Ms. Kanin's career was formed in a more genteel time in American show business when husband-and-wife writing teams (Garson Kanin and Ruth Gordon, Frances Goodrich and Albert Hackett, Pheobe and Henry Ephron) were common. She met her spouse, artist Michael Kanin (Garson was his brother), on the lot at RKO, where both of them were then employed.

Together they wrote such films as "Sunday Punch" (1942), "My Pal Gus" (1952), "Rhapsody" (1954), "The Opposite Sex" (1956), "The Right Approach" (1961), in which they adapted a play by Garson Kanin, and "Swordsman of Siena" (1962). Their most noted success was the 1958 Doris Day-Clark Gable romantic comedy "Teacher's Pet," which netted them their sole Oscar nomination.

Alone, Fay Kanin wrote the 1948 comedy Goodbye, My Fancy, set in a dormitory at a woman's college. Directed by Sam Wanamaker and produced by her husband, it was a hit, and won actress Shirley Booth a Tony Award. The play was made into a movie in 1951 starring Joan Crawford.

With Michael, she wrote the 1954 Broadway comedy His and Hers, which starred Celeste Holm, and Rashomon, which was based on the Japanese stories by Ryunosuke Akutagawa, and starred Claire Bloom and Rod Steiger. It was made into a television movie twice, in 1960 and '61.

In 1962, they wrote the book to the musical The Gay Life, which had music by Arthur Schwartz and Howard Dietz. Barbara Cook starred in the Vienna-set show, which ran 113 performances. For a time in the 1950s, the Kanins were blacklisted by the House Committee on Un-American Activities. They were unable to find work until director Charles Vidor insisted on using them for the Elizabeth Taylor film "Rhapsody."

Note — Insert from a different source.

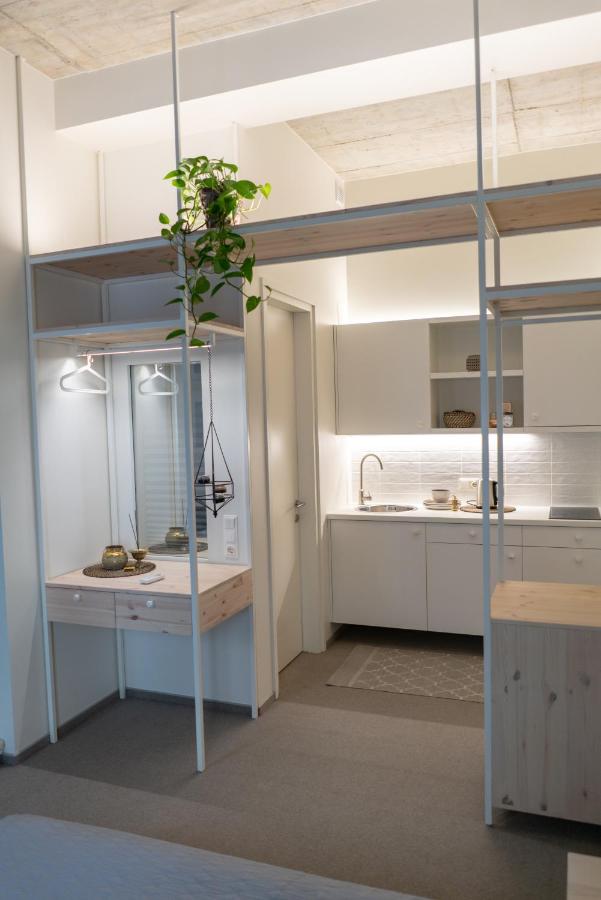 Deluxe Double Room with Shower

She won considerable attention when she shifted from film to television in the 1970s, winning Emmy nominations for a series of serious, socially conscious TV movies, including "Tell Me Where It Hurts" (1974), about a wife and mother who is looking for something more from life; "Hustling" (1975), a widely seen movie about a reporter investigating the world of prostitution; "Friendly Fire" (1979), about a couple trying to find out the truth about the death of their son in the Vietnam War; and "Heartsounds" (1985), about an ailing doctor who is confronted with the broken medical system of which he is a part. She won the award for the first. All of these were solo projects, as Michael Kanin had by then backed away from writing.

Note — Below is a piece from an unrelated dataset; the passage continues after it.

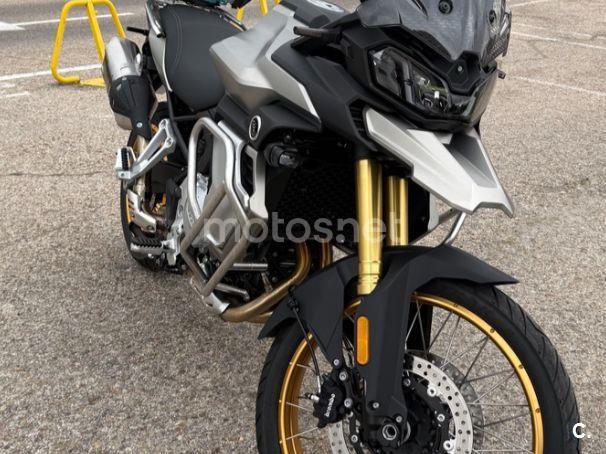 Voge 900 DSX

Ms. Kanin didn't return to Broadway until 1985, when she wrote the book for the ill-fated Harold Prince musical Grind. Set in a bi-racial burlesque house in 1933, it was a famous flop. It lasted only a few weeks, but got the writer her only Tony nomination.

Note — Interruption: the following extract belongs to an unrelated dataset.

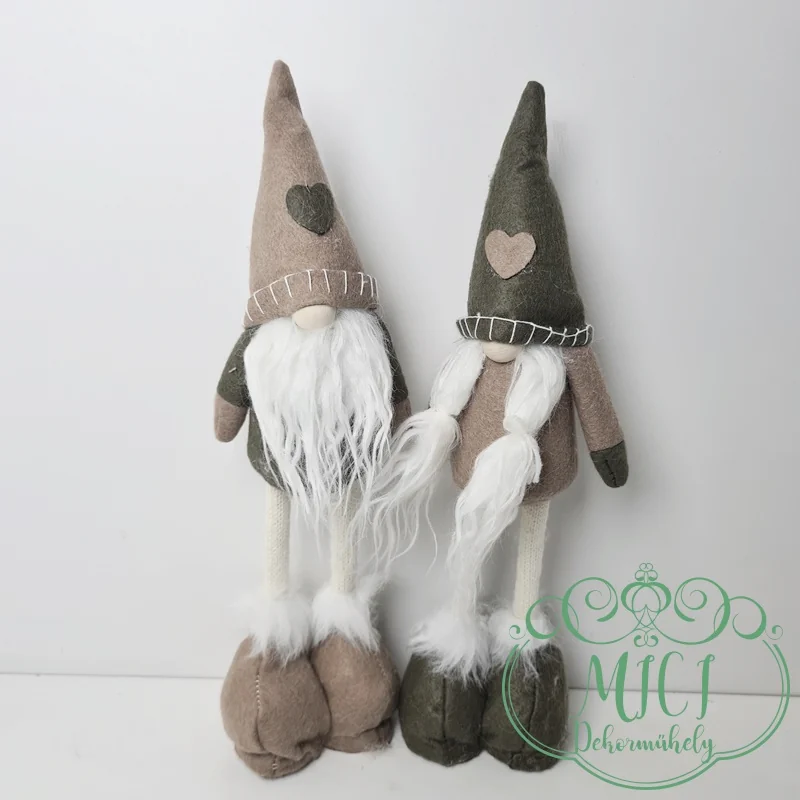 Karácsonyi dekoráció. Textil manó. Ajándék karácsonyra; születésnapra; névnapra. Díszítheted vele otthonod. Téli; ünnepi hangulatot teremthetsz. Az adventi koszorú mellett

Ms. Kanin, who called herself a feminist, was president of the Academy of Motion Arts and Sciences from 1979 to 1983. She was only the second woman to hold the post.

Fay Mitchell was born in New York on May 9, 1917. She graduated from the University of Southern California at the age of 19 and immediately embarked on a screenwriting career. She was soon hired by RKO Pictures as a script reader.

Michael Kanin died in 1993.

She is survived by her son Josh. A second son, Joel, died when he was 13.